I declare to you, brothers and sisters, that flesh and blood cannot inherit the kingdom of God, nor does the perishable inherit the imperishable.
1 Corinthians 15:36-50, NIV
Don’t overlook all the different examples he puts in there. There’s a reason they seem like they’re all over the place, and it seems confusing to us, because we operate off a different understanding of bodies.
When we talk about bodies in modern society, at least in America, we talk about physical bodies. I don’t use “body” to refer to the spirit. The body and the spirit are two different things, but in the Greek world, in the Roman world, that wasn’t the case. In Paul’s time, body meant spirit and physical matter.

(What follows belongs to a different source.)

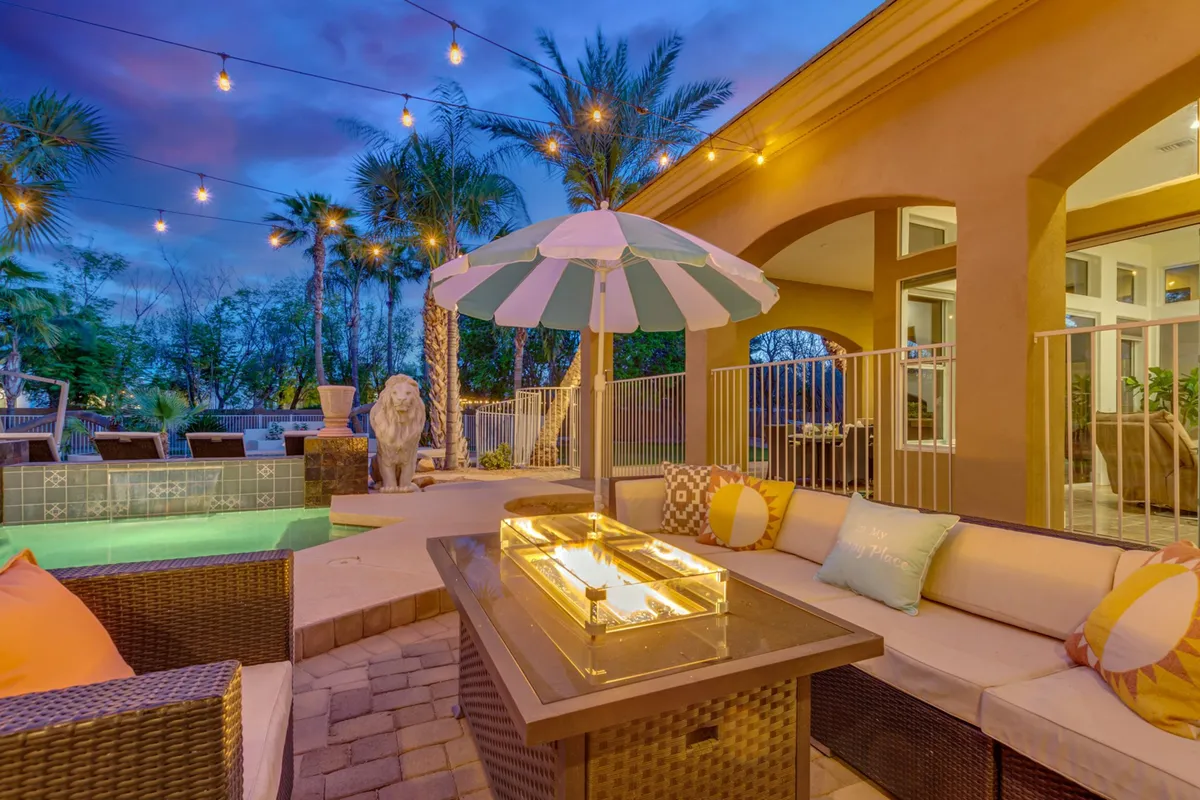 This exterior image features a cozy fire pit area surrounded by lounge seating and umbrellas, with palm trees and string lighting enhancing the ambiance. The inviting setup is ideal for evening gatherings, outdoor celebrations, and relaxed conversations under the stars.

It was a different kind of body, but they were both considered bodies.
That’s why he talks about the stars, here.
There are also heavenly bodies and there are earthly bodies; but the splendor of the heavenly bodies is one kind, and the splendor of the earthly bodies is another. The sun has one kind of splendor, the moon another and the stars another; and star differs from star in splendor.
1 Corinthians 15:40-41, NIV
Why are you talking about stars, Paul?
He’s talking about stars because he’s talking about bodies, and stars have bodies, and spirits have bodies. They’re just different kinds of bodies. You see, the the idea of a body and a spirit being separate is not a thing in Rome; it’s not a thing in Greek. A person is a person, and so when they ask what kind of body will we be raised with, they’re not asking, “Will I have a physical body, or will I not have a physical body?” That’s not what they’re asking.
They’re asking, “What will the nature of my body be? How will I look? How will I feel as a spirit or not a spirit” — that is, the way we think of it — “as a ghost or not a ghost?” They’re still concerned with status, and Paul says there’s all kinds of bodies in all of creation — heavenly bodies and earthly bodies, and heavenly bodies differ from heavenly bodies, and there’s different kinds of splendor for different bodies, and there’s Jesus’s body after the resurrection, and there’s Adam’s body when he was created out of dust, and who knows what you’re going to be.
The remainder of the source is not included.